I. Objet de la demande
1. La demande porte sur la communication d’une copie informatisée des documents suivants :
« a) la liste de l'ensemble des caméras fixes installées dans les lieux ouverts accessibles au public de votre commune, en ce compris les localisations et les responsables de traitement ;
b) les documents relatifs aux marchés publics (appels d’offre, cahiers de charges, documents d’attribution, contrats signés pour l’ensemble des marchés passés, dans le cas des marchés classiques et des accords-cadres) concernant les systèmes de surveillance (p.e. logiciels, caméras fixes et mobiles, visuelles et/ou thermiques, drones et bodycams, ANPR, etc.) acquis depuis 2006, par la commune et la zone de police, conformément à la loi du 17 juin 2016 relative aux marchés publics et de l’arrêté royal du 30 juin 2017 relatif à la passation des marchés publics dans les secteurs classiques.
c) les analyses d’impact, effectuées par la commune et la zone de police, relatives aux différents dispositifs de surveillance déployés conformément aux lois du 30 juillet 2018 relative à la protection des personnes physiques à l'égard des traitements de données à caractère personnel et du 5 août 2002 sur la Fonction de Police ».
2. Par une décision du 12 septembre 2024 postérieure à l'introduction du recours, le collège communal de la partie adverse a décidé ce qui suit :
« Article 1er – de faire droit partiellement à la demande d’accès aux informations sur les dispositifs de surveillance de la commune formulée par […], en transmettant la liste de l’ensemble des caméras fixes installées dans les lieux ouverts accessibles au public ainsi que les documents relatifs aux marchés publics (à l’exception des informations confidentielles des offres).
Art. 2 – De ne pas faire droit à la demande d’accès aux informations sur les dispositifs de surveillance de la commune formulée par […] en ce qui concerne les analyses d’impact effectuées par la commune et la zone de police, relatives aux différents dispositifs de surveillance déployées conformément aux lois du 30 juillet 2018 relative à la protection des données physiques à l’égard des traitements de données à caractère personnel et du 5 août 2022 sur la Fonction de Police ».
Par courriel du 24 octobre 2024, la partie requérante confirme maintenir son recours uniquement en ce qu’il vise sa demande de communication des analyses d’impact précitées.
Il s’ensuit que la Commission n’examine la demande qu’en cet objet particulier.
II. Compétence de la Commission
3. La Commission est compétente pour connaître du recours.
III. Recevabilité du recours
4. L’article L3231-3, alinéas 3 et 4, du CDLD, rendu applicable à la partie adverse par l’article L3211-3 du même code, dispose comme suit :
« L’autorité administrative provinciale ou communale qui ne peut pas réserver de suite immédiate à une demande de publicité ou qui la rejette communique dans un délai de trente jours de la réception de la demande les motifs de l’ajournement ou du rejet.
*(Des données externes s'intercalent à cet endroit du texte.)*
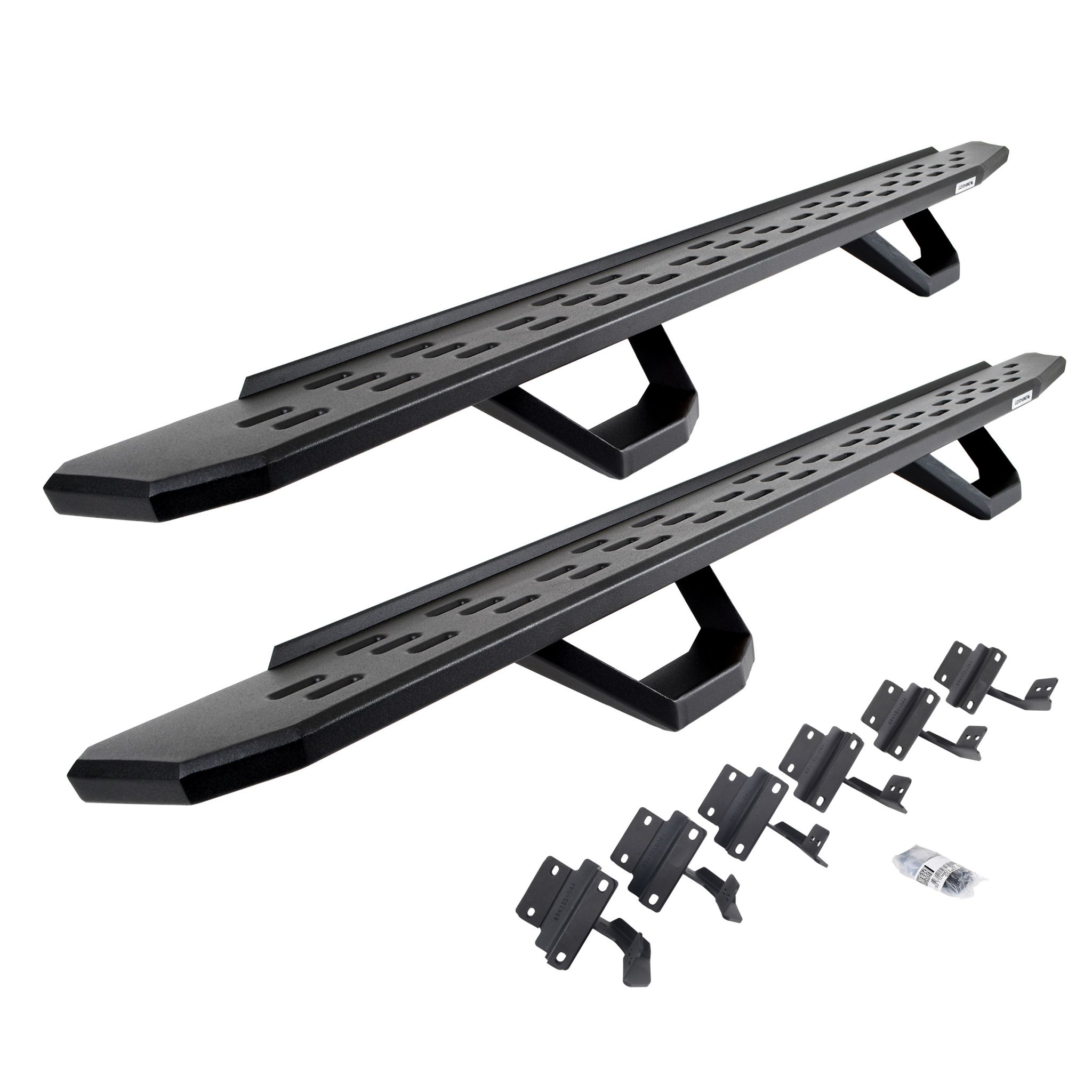 Go Rhino 6961558720PC - RB30 Running Boards with Mounting Brackets & 2 Pairs of Drops Steps Kit - Textured Black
En cas d’ajournement, le délai ne pourra jamais être prolongé de plus de quinze jours.
En cas d’absence de communication dans le délai prescrit, la demande est réputée avoir été rejetée ».
5. La demande initiale de publicité administrative a été adressée à la partie adverse le 26 juin 2024.
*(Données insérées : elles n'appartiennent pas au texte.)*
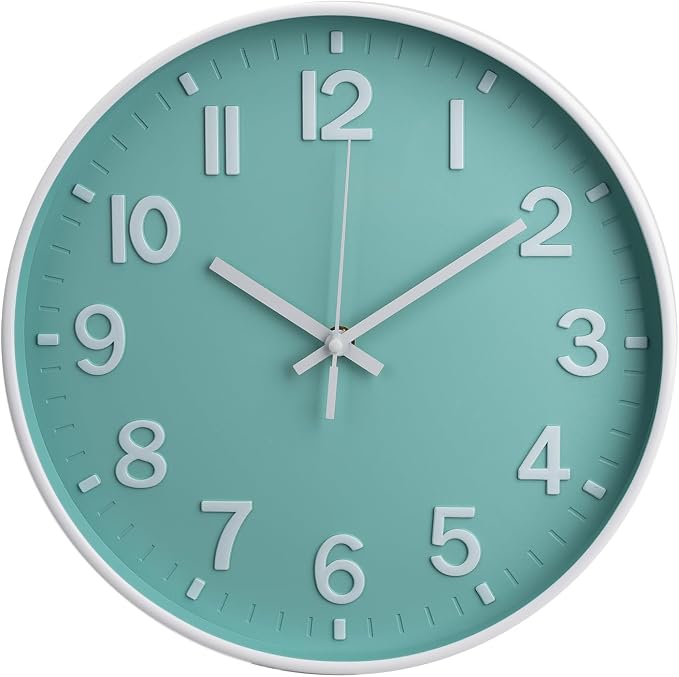 Wall Clock 12 Inch Mint Green Modern Simple Quartz Decorative Clock Non-Ticking by BAKBRAND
La partie adverse a explicitement rejeté la demande le 12 août 2024.
La partie requérante a introduit son recours auprès de la Commission le 9 septembre 2024, soit dans le délai de 30 jours prévu à l’article 8bis, alinéa 1er, premier tiret, du décret du 30 mars 1995, et rendu applicable par l’article L3231-5, § 1er, du CDLD.
Dès lors, le recours est recevable.
IV. Examen au fond
6. La Commission rappelle que tous les documents administratifs sont en principe publics. C'est le principe consacré à l'article 32 de la Constitution. Une entité ne peut refuser la publicité que dans la mesure où elle peut se baser sur l'un des motifs d'exception visés par les régimes législatifs applicables et motiver sa décision de manière concrète et suffisante. Dans la mesure où ce n'est pas le cas, l’entité est tenue d’assurer la publicité des documents administratifs.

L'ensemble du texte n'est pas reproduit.